Last year during the municipal elections in Albany, one aspect of the controversial Ward II City Commission race was headed in a patently unfair direction before Albany City Manager James Taylor stepped in.
The election still has not been fully laid to rest, though Ivey Hines was seated at the commission table to represent Ward II. His opponent, Melissa Strother, is challenging the results with a lawsuit in Dougherty Superior Court.
Strother charges irregularities in the election, but the biggest issue is whether 247 votes that were cast for a third candidate, Cheryl Calhoun, who was disqualified from the Ward II race, should have been included in the total number of votes cast. Dougherty elections officials ruled, based on information from state elections officials, that Calhoun’s votes were nullified — in effect, never cast — and that Hines won with a simple majority of the votes cast for him and Strother. If Calhoun’s votes were counted against the total, neither Hines nor Strother would have a simple majority and the election would go to a runoff between the two.
Pataula Judicial Circuit Chief Judge Joe Bishop is presiding in the case and has not yet ruled whether to uphold the election results as they stand.
While that case has not been decided, the fate of Calhoun’s candidacy was. The facts are that Calhoun went to the elections office to qualify to run for the Ward I City Commission seat. She was told by elections officials that she was a resident of Ward II, not Ward I. She questioned that, but qualified to run in Ward II. A week before the November election — and deep into the advance voting period — Calhoun’s residency was challenged, the Elections Board reviewed its maps and determined that she actually lives in Ward I — the ward for which she originally wanted to qualify.
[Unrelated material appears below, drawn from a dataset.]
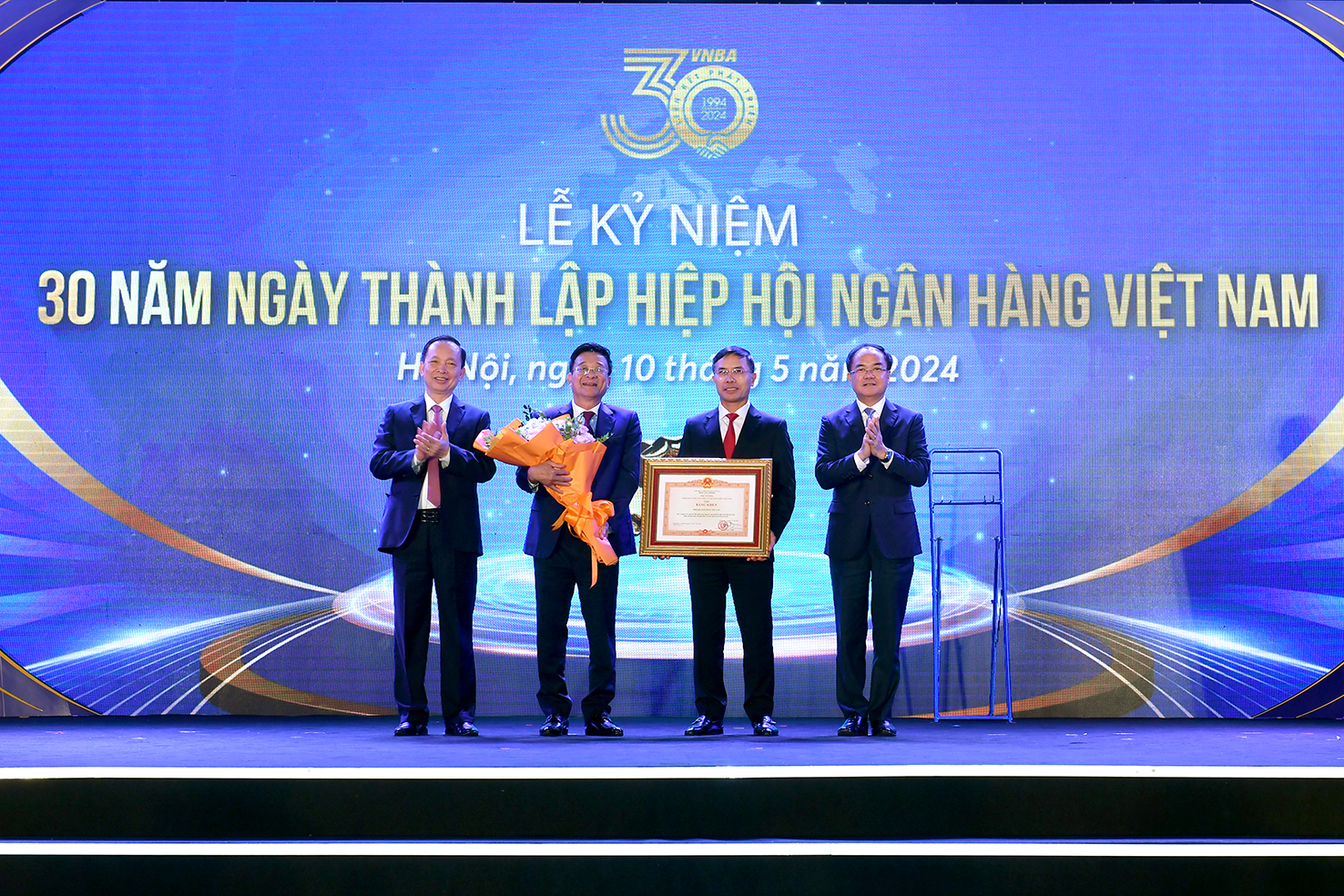 Phó Thống đốc thường trực Đào Minh Tú và Thứ trưởng Bộ Nội vụ Vũ Chiến Thắng trao Bằng khen của Thủ tướng Chính phủ cho HHNH tại Lễ Kỷ niệm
What made matters worse was after she was disqualified from the Ward II race, elections officials were bound by state law not to refund her qualifying fee, even though elections officials created the error that resulted in her being kicked out of the race. Taylor stepped forward and did the right thing by paying Calhoun $450 from city funds, the equivalent of her qualification fee.
The unfairness of the law, however, remains. Under Georgia law, a person can attempt to qualify to run for office and has no legal recourse to demand the refund of a qualification fee. This makes sense in some cases, such as those where candidates qualify, pay their fee and then want their money back if the opposition looks too formidable. But when a candidate like Calhoun has attempted to follow the rules and the system lets her down, there should be a mechanism for that candidate to get his or her fee refunded. One could also argue that campaign spending should be refunded as well, but at minimum the qualifying fees should be reimbursed.
State Rep. Ed Rynders, R-Leesburg, has introduced legislation that would do just that — allow for a refund for candidates who are disqualified through no fault of their own. It’s hard to imagine that any Georgia lawmaker would have a problem with adjusting the election law so that the right thing is done.
It won’t give Calhoun a do-over to run for Ward I — that’s been decided for four years — and it won’t resolve the court case pending in regard to Ward II. But in the end, with Rynders’ help, Calhoun will have been instrumental in improving the state’s election system. “To be a part of this makes it worth all the pain I went through,” she said.
And even without a seat at the City Commission table, she will have made a positive impact.